Top of Material provided

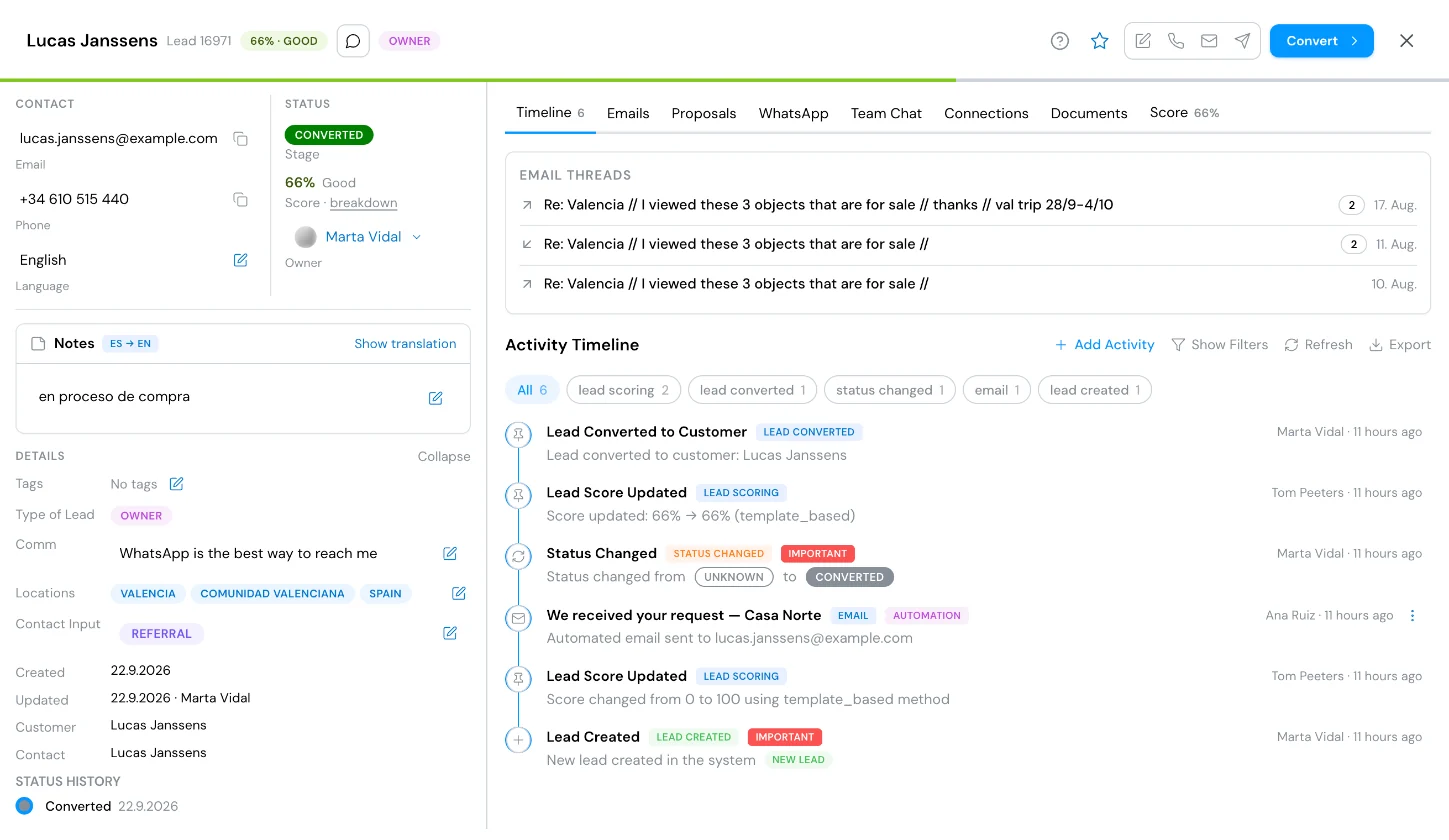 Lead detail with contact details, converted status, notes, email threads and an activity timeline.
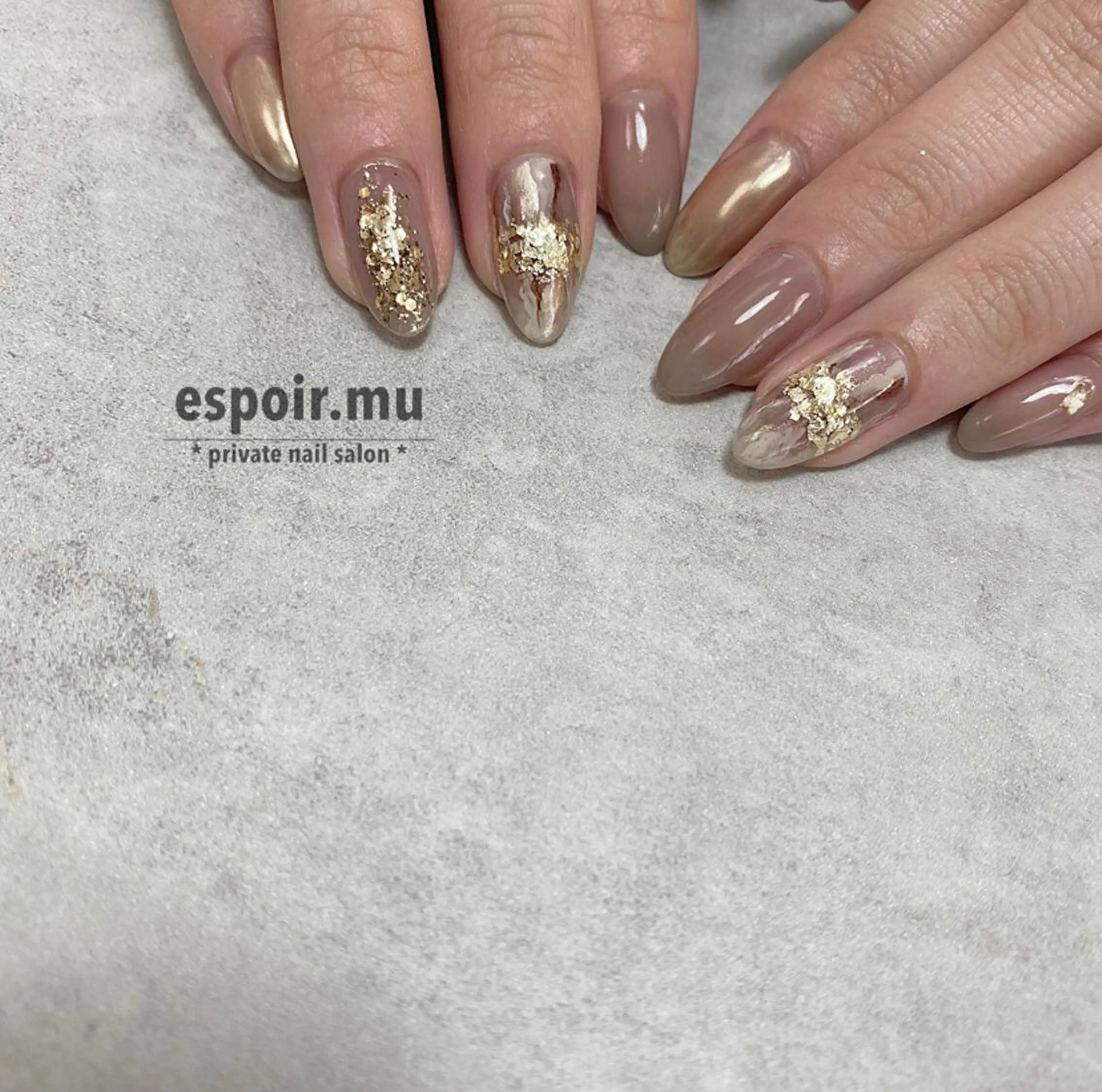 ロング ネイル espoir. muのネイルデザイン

Bottom of Material provided
Top of Material provided

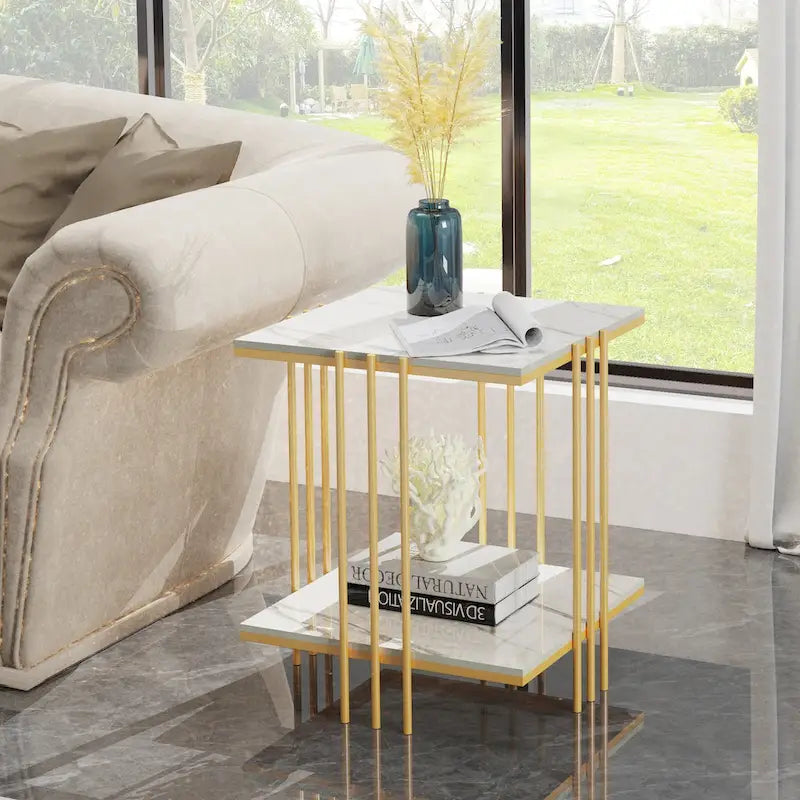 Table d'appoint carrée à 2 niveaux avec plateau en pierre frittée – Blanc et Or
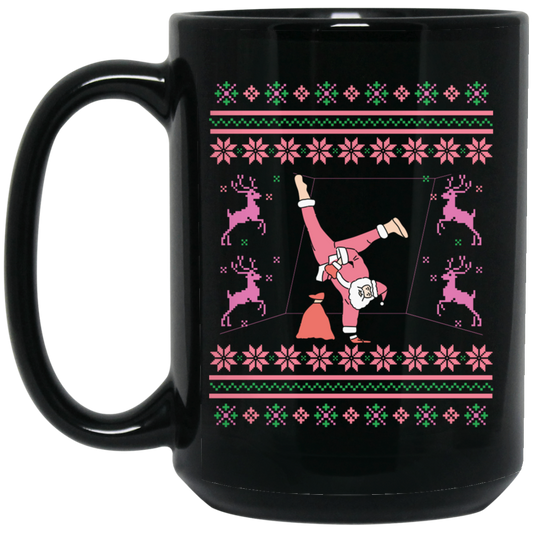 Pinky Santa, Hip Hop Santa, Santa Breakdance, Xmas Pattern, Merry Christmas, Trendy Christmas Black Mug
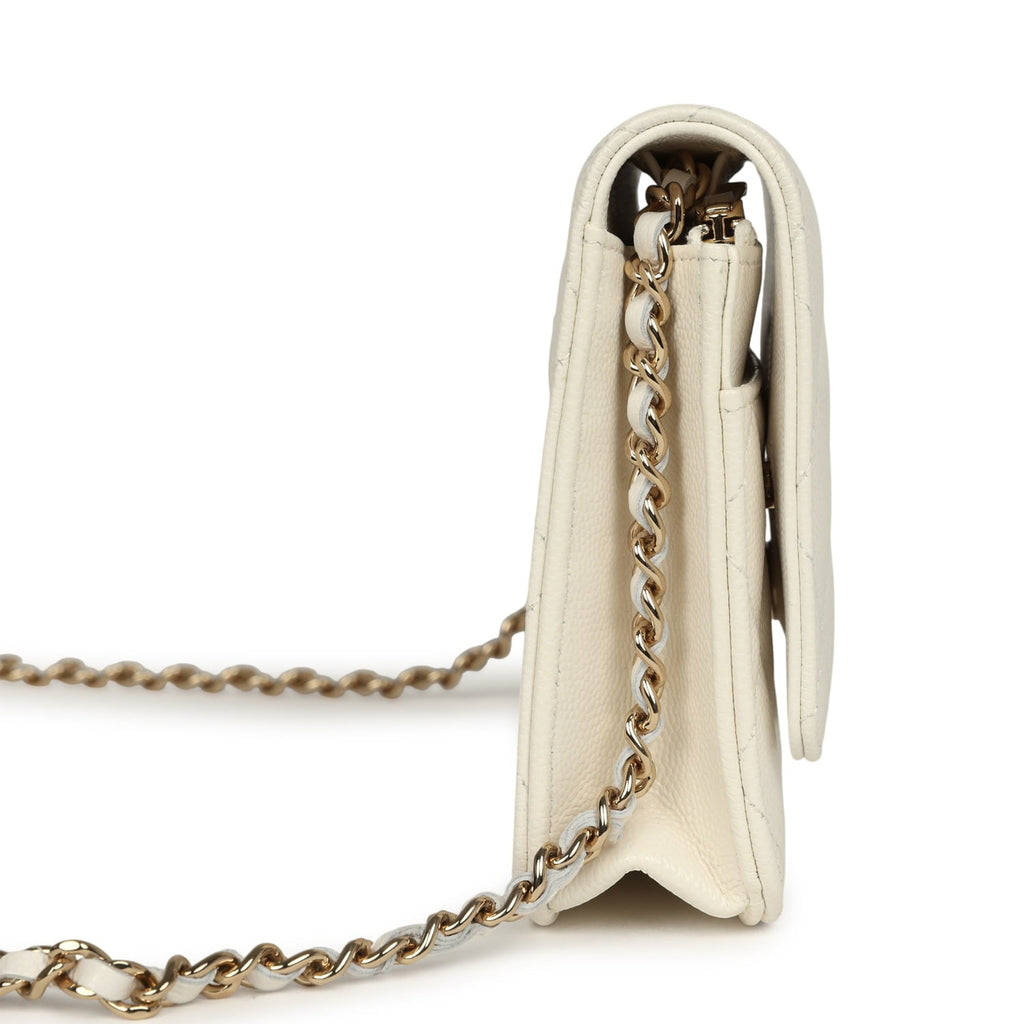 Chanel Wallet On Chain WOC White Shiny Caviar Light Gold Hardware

Bottom of Material provided
Top of Material provided

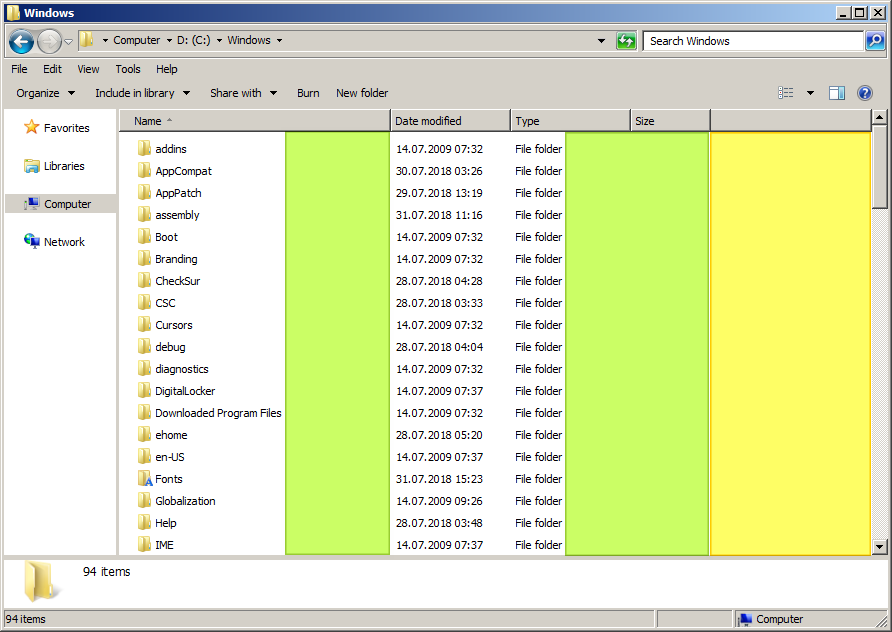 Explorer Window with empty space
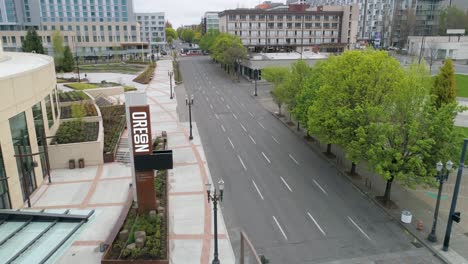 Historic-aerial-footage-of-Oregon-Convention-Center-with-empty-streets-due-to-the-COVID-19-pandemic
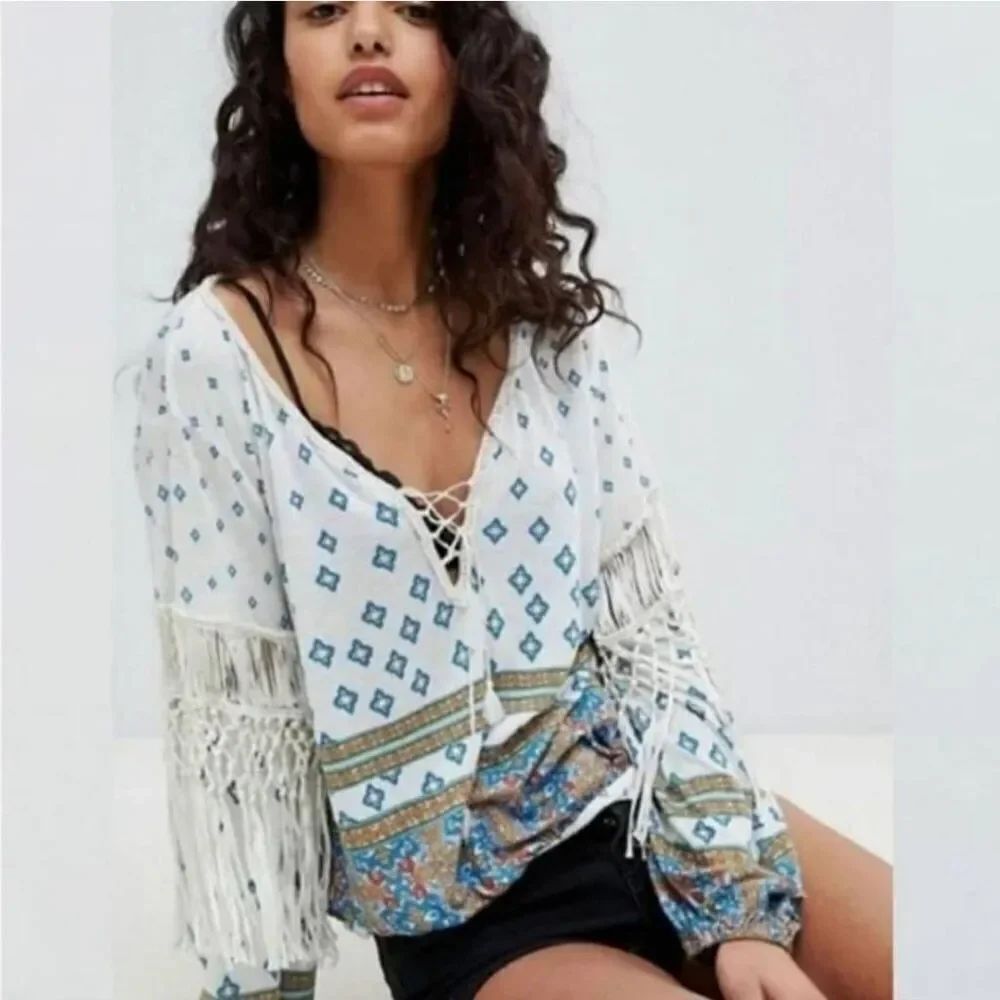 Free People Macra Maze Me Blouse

Bottom of Material provided

## Your task
Within the listing above, write out the stretch from the line with "Lead detail with" through the line with "ロング ネイル espoir. muのネイルデザイン" exactly. Any pictures are to be left out.

## Answer
 Lead detail with contact details, converted status, notes, email threads and an activity timeline.
 ロング ネイル espoir. muのネイルデザイン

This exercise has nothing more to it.